» **PROBLEM STATEMENT**: Nothing but the lines from the one containing "Vídeo relacionado con" through the last line of the records belongs in the answer, copied exactly and with the pictures left out.

» **LISTED RECORDS**:
= = = = = = =
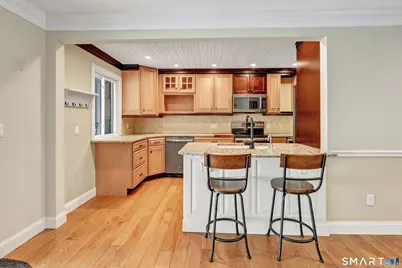 78 Heritage Village #B, Southbury, CT 06488 - Photo 3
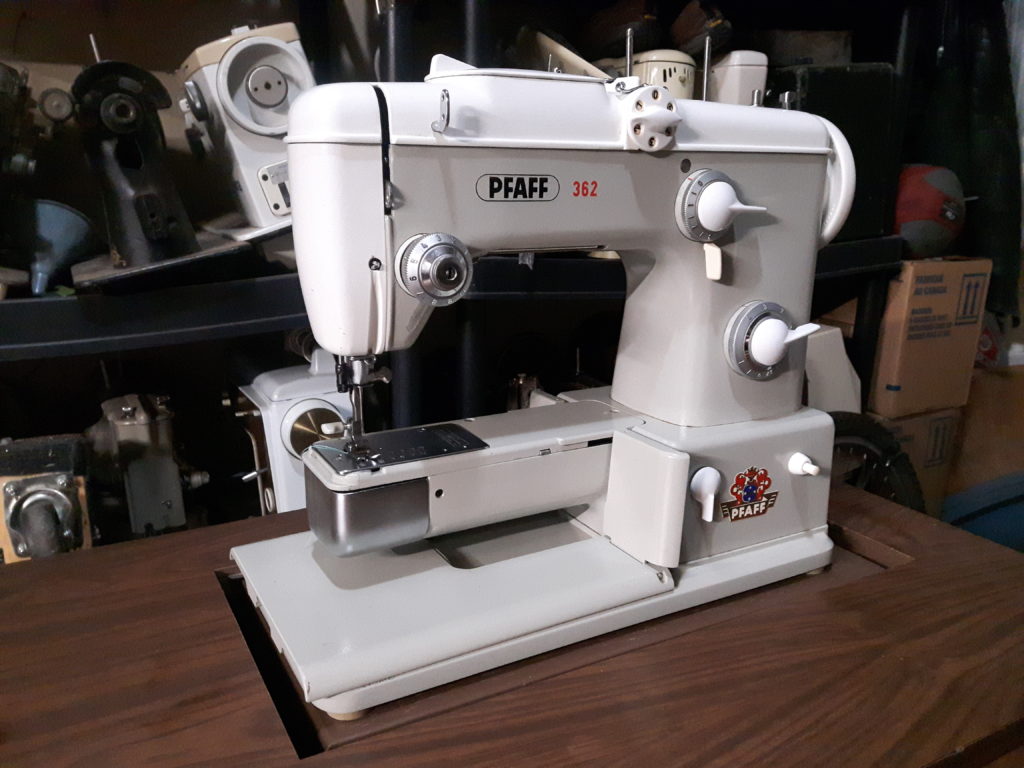 Vintage PFAFF Type 362 Sewing Machine made in Western Germany with  Accessories - Works - Superb Condition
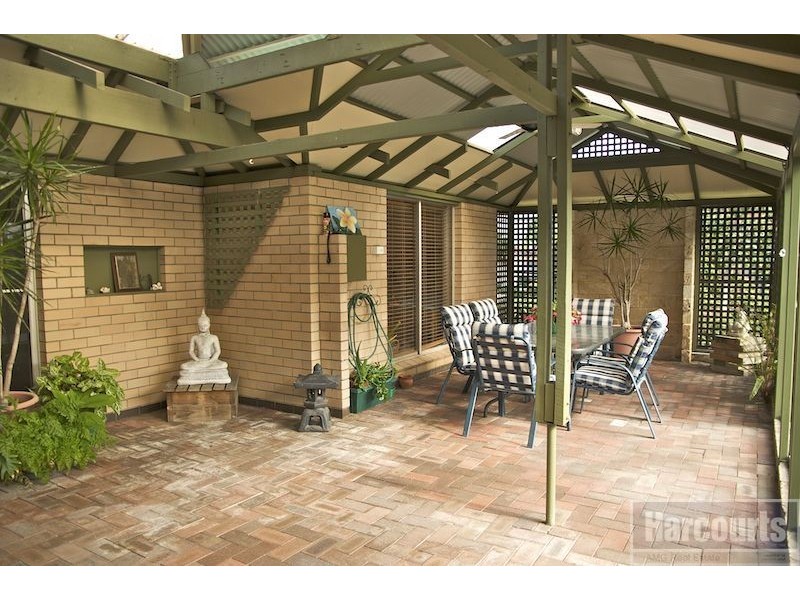19 Olding Way, Melville WA 6156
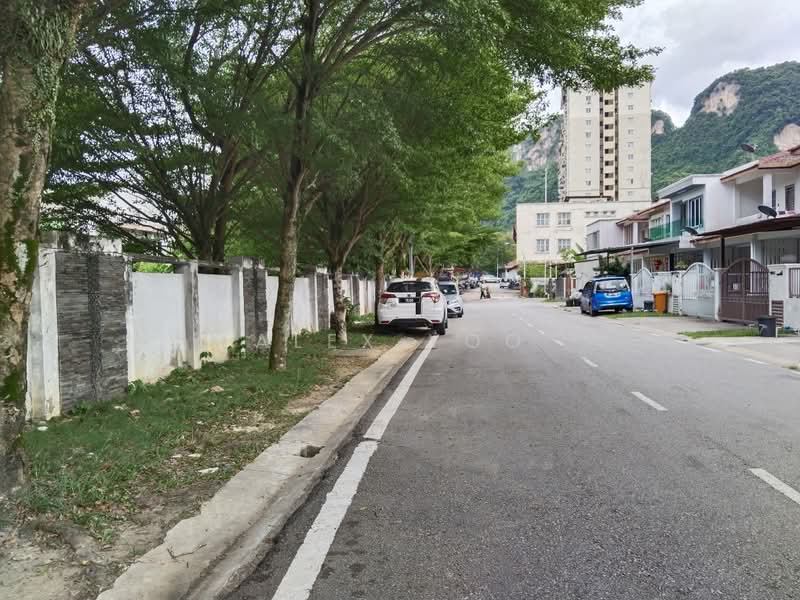 Rumah Teres 2 Tingkat untuk Dijual di Taman Pinggiran Indah (Selayang) - Alex Yoo - PropertyGuru.com.my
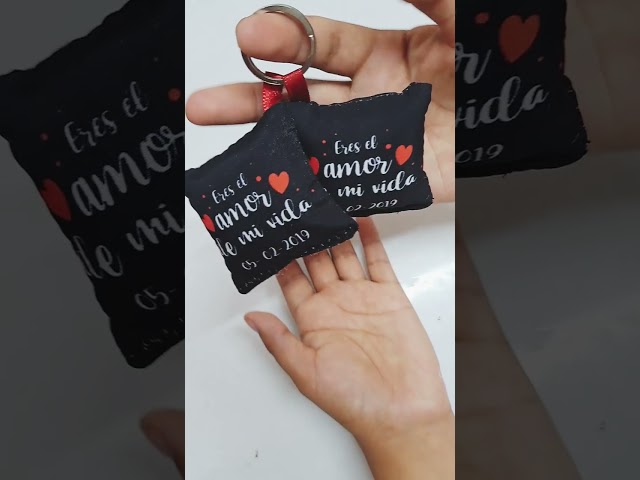 Vídeo relacionado con AnJeey Llavero personalizado con foto y texto personalizados - Regalo romántico de aniversario y San Valentín para hombres, prometido, papá - Regalo de San Valentín para él, novio, esposo (Vertical)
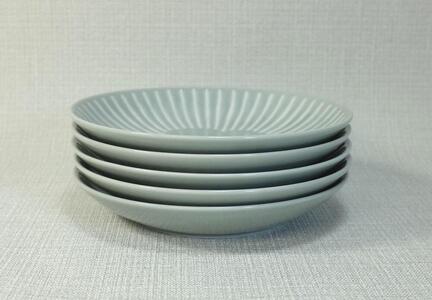 【AB1078】【波佐見焼】φ21.5ｃｍの皿５枚組  花ふわりグレー 【西海陶器】 ５ 11323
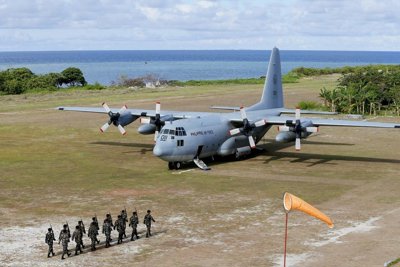 Rơi máy bay quân sự Philippines chở 92 người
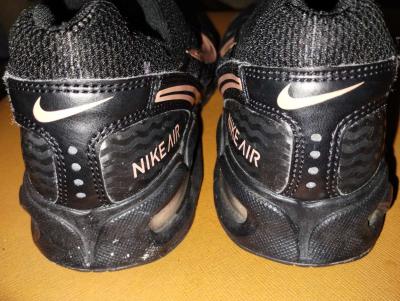 Nike Air Max womens size 9 in black and pink - Thumbnail 4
= = = = = = =
» **SOLUTION FOR THIS EXERCISE**:
 Vídeo relacionado con AnJeey Llavero personalizado con foto y texto personalizados - Regalo romántico de aniversario y San Valentín para hombres, prometido, papá - Regalo de San Valentín para él, novio, esposo (Vertical)
 【AB1078】【波佐見焼】φ21.5ｃｍの皿５枚組  花ふわりグレー 【西海陶器】 ５ 11323
 Rơi máy bay quân sự Philippines chở 92 người
 Nike Air Max womens size 9 in black and pink - Thumbnail 4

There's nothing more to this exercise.